Continuando de onde paramos!
Eram meados
dos anos noventa, e eu atuava sempre à noite, portanto, fundamentalmente,
rolavam aqueles programas “Momentos do Amor”, com locutores de vozes pomposas e
músicas para curtir uma boa fossa. Naqueles tempos, a programação evangélica
ainda não havia hegemonizado as rádios e TV’s durante as noites e madrugadas,
então, os insones tinham, se não uma vida mais feliz, ao menos uma solidão
povoada por seus próprios demônios e não pelos exorcizados por Malafaia e
Waldomiro [ e agora toca uma música do Caetano e um rapaz oferece ao pai que
faz 84 anos hoje]
A essa altura
você deve se perguntar que som rolava nas rádios daquela época, né? Bem, tinha
de tudo: rolava umas coisas da década perdida, como Marvin Gaye, Cindy Lauper,
Bon Jovi, Aerosmith. Tinha também os sucessos do momento: R.E.M., Guns, U2 e Joe
Cocker (seja lá como se escreve). Em termos de música nacional, sempre
apareciam Lulu Santos, Zezé de Camargo e Luciano, Leandro e Leonardo, RPM, Roupa
Nova, Djavan, Paralamas, Legião, eventualmente, um sucesso da Marisa Monte,
Adriana Calcanhoto [“eu perco o chão/ eu não acho as palavras/eu ando tão
triste/eu ando pela sala], e claro, presença sempre garantida e ilustre era de a
“Robertus Carlo”.
Apareciam, vez
ou outra, alguns super hiper ultra mega clássicos da noite e dos corações
partidos: “I’ll be there” dos Jackson Five, “My endless Love” [trilha sonora de
“Uma história de amor”, outro filme que, não fala sobre rádio, mas vale a
pena], “Stand by me” do John, algum sucesso mamão com açúcar do Caetano ou do
Tim Maia e muitos etc etc etc. Não tem como citar todos aqui, mas valeria a
pena organizar uma playlist para escutar enquanto tomo uma cerveja com os
amigos.
Além disso, o
meu imaginário infantil era povoado pela programação não musical das rádios e
programas: “Rosicleide do Cristo, oferece essa música para Leandro do Grotão.”,
“Sheyla dos Funcionários manda um recado para Alecsandro do Sesi de Bayeux:
Alecsandro, eu te amo! Você é minha vida, é o ar que eu respiro, é o sol que me
ilumina. Todos os obstáculos do mundo não serão capazes de nos separar!” [ tá
tocando “Call me, maybe”, putz, eu adoro essa música. Acho taaao gay. Sim, eu
faço coreografia com ela!]. Eu pensava: quem será Rosicleide? Onde trabalha?
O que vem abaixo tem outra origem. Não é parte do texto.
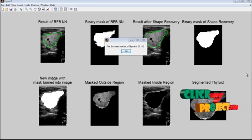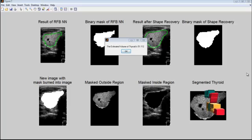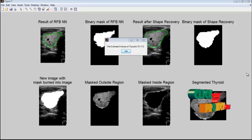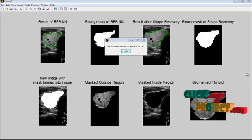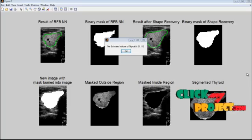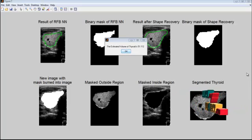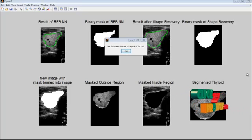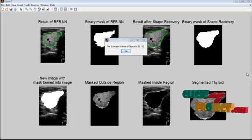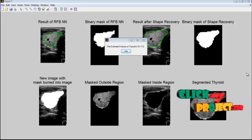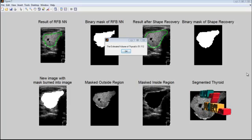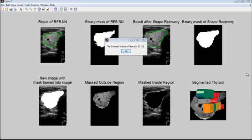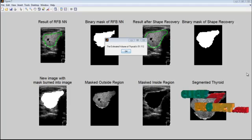From this demo, we can conclude that a convenient system for thyroid segmentation and volume estimation has been proposed. It includes image enhancement processing to remove speckle noise, which greatly affects segmentation results from ultrasound images. The RBF neural network classifies regions into thyroid and non-thyroid glands, and a region growing method recovers an accurate shape of the thyroid gland.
Como conheceu Leandro? Quais serão os obstáculos que impedem esse amor? Será
que um dia eu mandarei uma mensagem para alguém num programa desses? Eu não
sabia de muita coisa na vida, mas pelos nomes das pessoas, os bairros onde
moravam, os tipos de recados, eu imaginava que eram pobres, empregadas,
pedreiros, lixeiros... achava aquilo tudo meio bonito, mas também meio ridículo
e risível. Sabe como é, essas distinções e preconceitos de classe a gente
apreende e introjeta bem rápido e cedo, pelos mecanismos sociais mais variados.
Agora já está
na hora de terminar esse conversa! Como falei, o namoro da minha irmã que deu
origem a essa prática acabou, mas eu continuei ouvindo rádio deitada no chão da
sala por muitos anos ainda, até a adolescência. Abandonei isso com o advento de
um computador e internet no meu quarto, a mp3 revolucionou minha relação com a
música, mas isso já seria assunto para outro post. Outra questão, é que meu
gosto musical tornou-se, cada vez mais, algo distante da programação das
rádios, além das mp3, os CD’s foram sempre uma opção preferível ao rádio a
partir de determinado momento da minha vida [agora, tô ouvindo a música do
Super Mario World em forma de chorinho, incrível isso, não? Que surpresa
adorável para uma madrugada].
Por hoje é só, pessoal!
P.S.: quando acabei de escrever o
texto, achei uma rádio tocando o Concerto de Dvorak para Cello. Nem preciso
dizer que foi o grande momento da madrugada, não é?! O primeiro movimento
sempre me causa um prazer quase sexual, porém, com algo de sublime que o sexo
não tem! Mas era com o Yo Yo Ma tocando, prefiro o Rostropovich!